Enfin, un cadre politique et réglementaire favorable est indispensable. Les gouvernements devront garantir des conditions pro-investissement, réduire les contraintes fiscales et de droits de licence, encourager le partage d’infrastructure, éviter les barrières concurrentielles. Sans cela, la 5G pourrait rester réservée aux marchés les plus rentables, au bénéfice d’une élite numérique.
Perspectives et trajectoires possibles
Si les défis sont bien adressés, baisse des coûts, subvention de terminaux, densification, innovation d’usage, politique inclusive, la projection de 17 % de part de la 5G en 2030 semble plausible dans de nombreux contextes africains. Dans ce scénario, la 5G deviendrait un catalyseur de croissance numérique : services à large bande, villes intelligentes, industrie 4.0, connectivité pour l’agriculture de précision, télémédecine, éducation à distance de haute qualité.
Cependant, dans les pays moins bien dotés ou à ressources limitées, la 5G pourrait rester un luxe ou un service premium longtemps, tant que les obstacles structurels ne sont pas résolus. Le scénario le plus prudent pour eux serait une cohabitation prolongée de la 4G et de la 5G, avec la 5G initialement focalisée sur les centres urbains et les grands équipements (entreprises, campus, hubs technologiques).
L’essor de la 5G pourrait renforcer l’avantage comparatif numérique de certains pays africains, attirer des investissements étrangers, stimuler l’écosystème des startups technologiques, créer des emplois de qualité, et améliorer la compétitivité régionale. Mais cela exige une vision cohérente, une coordination public-privé et une approche inclusive.
Pourquoi est-ce important ?
Parce que l’accès à des réseaux mobiles de génération avancée n’est plus une simple question technologique : c’est un facteur structurant de développement économique, d’innovation, de productivité, de résilience aux chocs. Un continent qui ne gagne pas la transition vers la 5G risque d’accuser davantage son retard dans l’économie numérique mondiale.
Parce que la fracture numérique se creuse non seulement entre l’Afrique et le reste du monde, mais au sein même des pays africains : les zones urbaines, les populations aisées et connectées risquent de bénéficier des gains technologiques tandis que les zones rurales et les populations marginalisées peuvent rester en marge, aggravant les inégalités.
Parce que l’Afrique dispose d’atouts encourageants, jeunesse numérique, innovation locale, opérateurs africains engagés, fournisseurs (Huawei, ZTE) actifs, mais ces forces doivent être canalisées par des politiques avisées pour transformer le potentiel en impact.
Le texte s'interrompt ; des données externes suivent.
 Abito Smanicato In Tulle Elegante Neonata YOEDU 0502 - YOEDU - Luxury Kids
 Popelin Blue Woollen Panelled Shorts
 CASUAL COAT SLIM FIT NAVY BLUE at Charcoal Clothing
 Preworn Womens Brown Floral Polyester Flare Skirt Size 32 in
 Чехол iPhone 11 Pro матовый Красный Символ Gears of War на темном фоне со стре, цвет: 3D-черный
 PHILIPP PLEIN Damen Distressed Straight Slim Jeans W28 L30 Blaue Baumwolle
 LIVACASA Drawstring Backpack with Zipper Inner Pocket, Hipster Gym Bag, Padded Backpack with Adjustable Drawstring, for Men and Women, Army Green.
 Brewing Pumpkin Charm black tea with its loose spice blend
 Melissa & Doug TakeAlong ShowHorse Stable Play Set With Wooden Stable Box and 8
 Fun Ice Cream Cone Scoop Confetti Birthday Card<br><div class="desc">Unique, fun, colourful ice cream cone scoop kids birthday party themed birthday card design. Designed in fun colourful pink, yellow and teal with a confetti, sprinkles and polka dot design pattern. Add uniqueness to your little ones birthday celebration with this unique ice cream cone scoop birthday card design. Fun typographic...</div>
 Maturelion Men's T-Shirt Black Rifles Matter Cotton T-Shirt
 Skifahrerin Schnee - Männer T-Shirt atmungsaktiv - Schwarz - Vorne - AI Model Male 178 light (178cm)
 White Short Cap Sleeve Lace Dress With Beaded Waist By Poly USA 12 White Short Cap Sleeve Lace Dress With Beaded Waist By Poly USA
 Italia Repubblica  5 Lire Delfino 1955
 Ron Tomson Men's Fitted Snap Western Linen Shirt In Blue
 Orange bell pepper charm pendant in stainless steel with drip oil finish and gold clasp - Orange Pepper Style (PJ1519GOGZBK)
Le rapport State of Broadband in Africa 2025 rappelle aussi l’importance des points d’échange Internet (IXP) : 33 pays africains disposent désormais d’un ou plusieurs IXP, ce qui aide à réduire le coût de transit international, améliorer la latence et la qualité du trafic local.
Enfin, pour l’Afrique de l’Ouest, une adoption plus rapide et généralisée de la 5G pourrait renforcer l’intégration régionale, améliorer les services transfrontaliers numériques, stimuler le e-commerce, les fintechs, les plateformes de services, l’agro-tech connectée, etc. Les pays ouest-africains qui sauront conjuguer infrastructures, régulation, subventions ciblées et innovation auront une longueur d’avance dans la course à la transformation numérique.